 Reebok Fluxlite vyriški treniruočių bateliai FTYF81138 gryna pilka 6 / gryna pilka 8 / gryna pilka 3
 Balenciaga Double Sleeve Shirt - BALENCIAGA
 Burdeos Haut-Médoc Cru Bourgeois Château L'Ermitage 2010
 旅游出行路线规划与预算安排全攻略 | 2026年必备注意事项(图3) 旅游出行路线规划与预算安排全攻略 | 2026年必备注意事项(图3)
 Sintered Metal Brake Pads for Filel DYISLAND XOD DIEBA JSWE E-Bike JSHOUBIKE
□ □ □ □ □
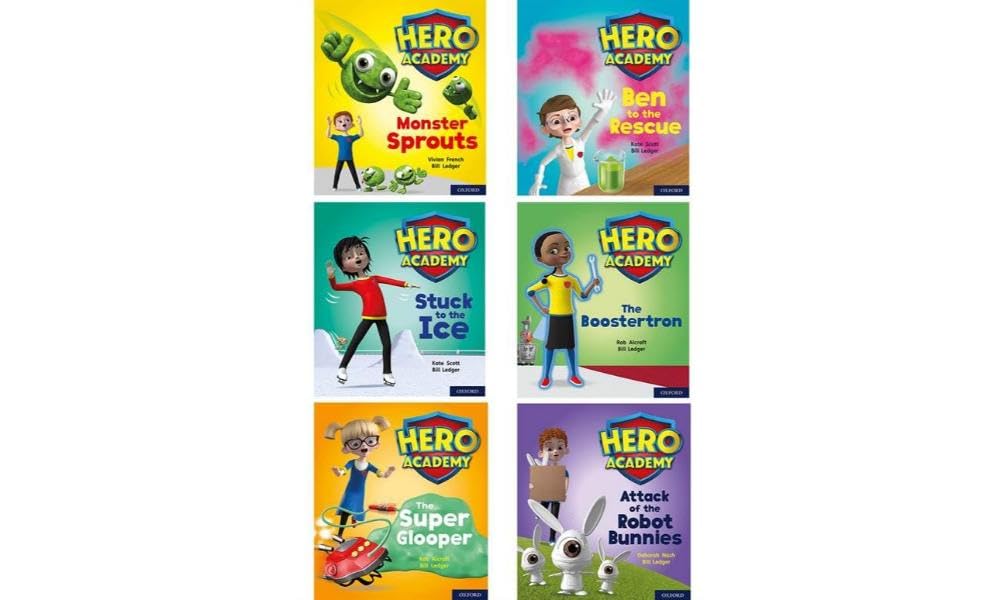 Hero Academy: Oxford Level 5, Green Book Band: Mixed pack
□ □ □ □ □
Would you print exactly and only the lines of the material above that run from the line with "Balenciaga Double Sleeve Shirt - BALENCIAGA" through the line with "Sintered Metal Brake", both included?

* **SOLUTION TO THE PROBLEM**
 Balenciaga Double Sleeve Shirt - BALENCIAGA
 Burdeos Haut-Médoc Cru Bourgeois Château L'Ermitage 2010
 旅游出行路线规划与预算安排全攻略 | 2026年必备注意事项(图3) 旅游出行路线规划与预算安排全攻略 | 2026年必备注意事项(图3)
 Sintered Metal Brake Pads for Filel DYISLAND XOD DIEBA JSWE E-Bike JSHOUBIKE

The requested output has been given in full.